2A similar entropy-based analysis has not been proposed for Italian yet. To be able to use the Qumin toolkit to perform it, it is necessary to have an inflected lexicon listing all the wordforms of a representative number of lexemes in phonological transcription, like e.g. Flexique for French (Bonami, Caron, and Plancq 2014) or LatInflexi for Latin (Pellegrini and Passarotti 2018). Looking for such a resource for Italian, we can see that in most lexicons wordforms are given in orthographic transcription – see e.g. Morph-it! (Zanchetta and Baroni 2005) and CoLFIS (Bertinetto et al. 2005). On the other hand, in PhonItalia (Goslin, Galluzzi, and Romani 2014) there are phonological transcriptions, but not all the inflected wordforms of each lexeme are listed. To the best of our knowledge, the only resource providing phonological transcriptions of the full paradigm of lexemes is GLAFF-IT (Calderone et al. 2017), but due to the way in which it was created, it proves to be too noisy to be used for entropy computations as such.

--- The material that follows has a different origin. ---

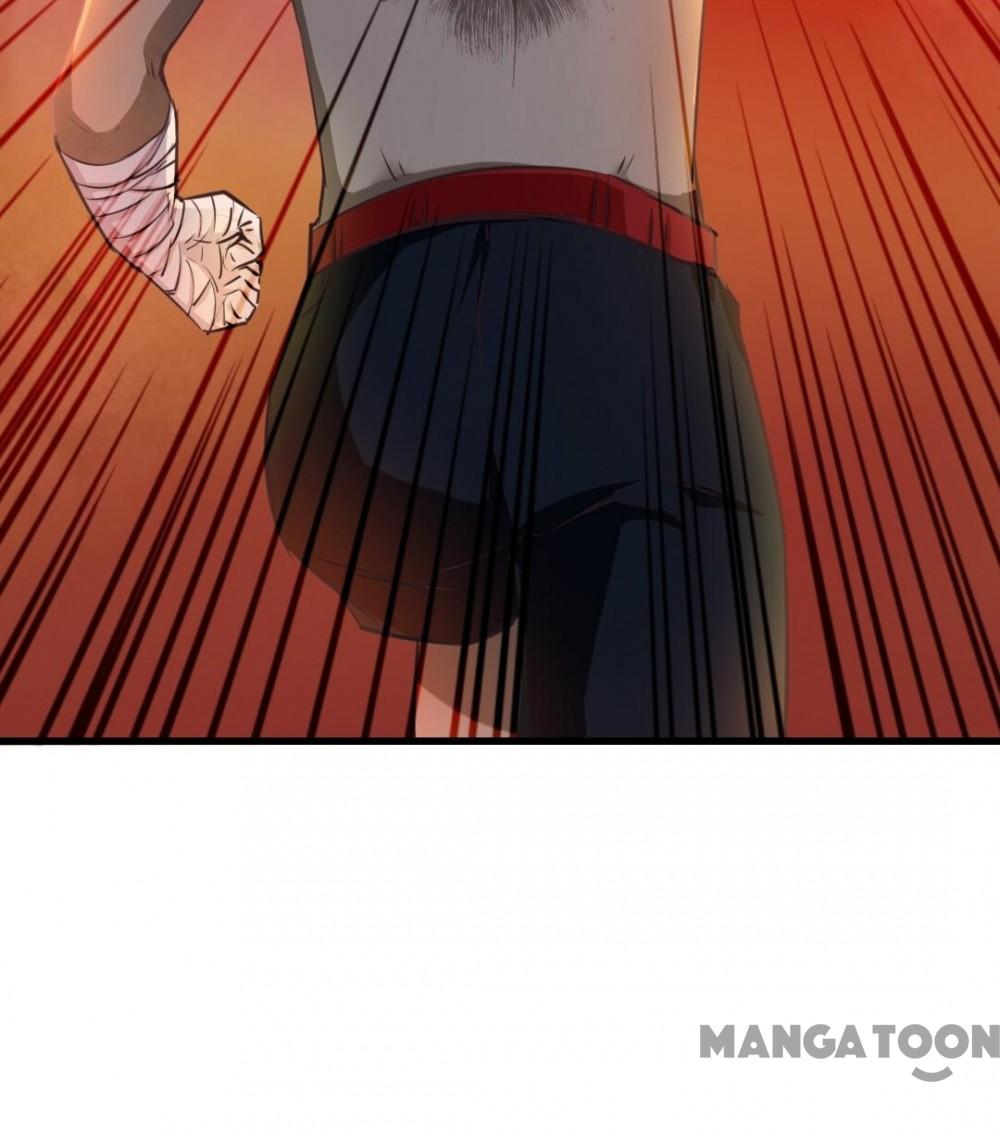 Tôi Và Khách Trọ Mỹ Nhân 26 Tuổi Chapter 105 - Trang 17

3In this paper, we describe the work that was done to obtain a smaller, but cleaner version of GLAFF-IT. We then use this resource to perform an entropy-based analysis of predictability in Italian verb inflection. After briefly describing the methodology, we present our results comparing them with the findings of previous stem-based analyses.
2. The Resource
4In order to build LeFFI (Lessico delle Forme Flesse dell’Italiano), we have firstly consulted GLAFF-IT, a free machine-readable dictionary based on Wikizionario, the Italian language edition of Wiktionary. It is a morphophonological Italian lexicon which contains a total of 485,135 wordforms among verbs, nouns, adjectives and adverbs, in both orthographic and phonological IPA transcription. Since our interest for the present research lies only in verbs, in this step a total of 411,770 verbal forms in phonological transcription have been extracted from GLAFF-IT, together with the citation form (the infinitive) of the lexeme they belong to , thus resulting in a list of the complete paradigms of 7,552 verbs. To indicate the morphosyntactic properties expressed by each wordform, we use the notation of the Leipzig Glossing Rules (Comrie, Haspelmath, and Bickel 2008), both in our resource and in the examples shown in this paper.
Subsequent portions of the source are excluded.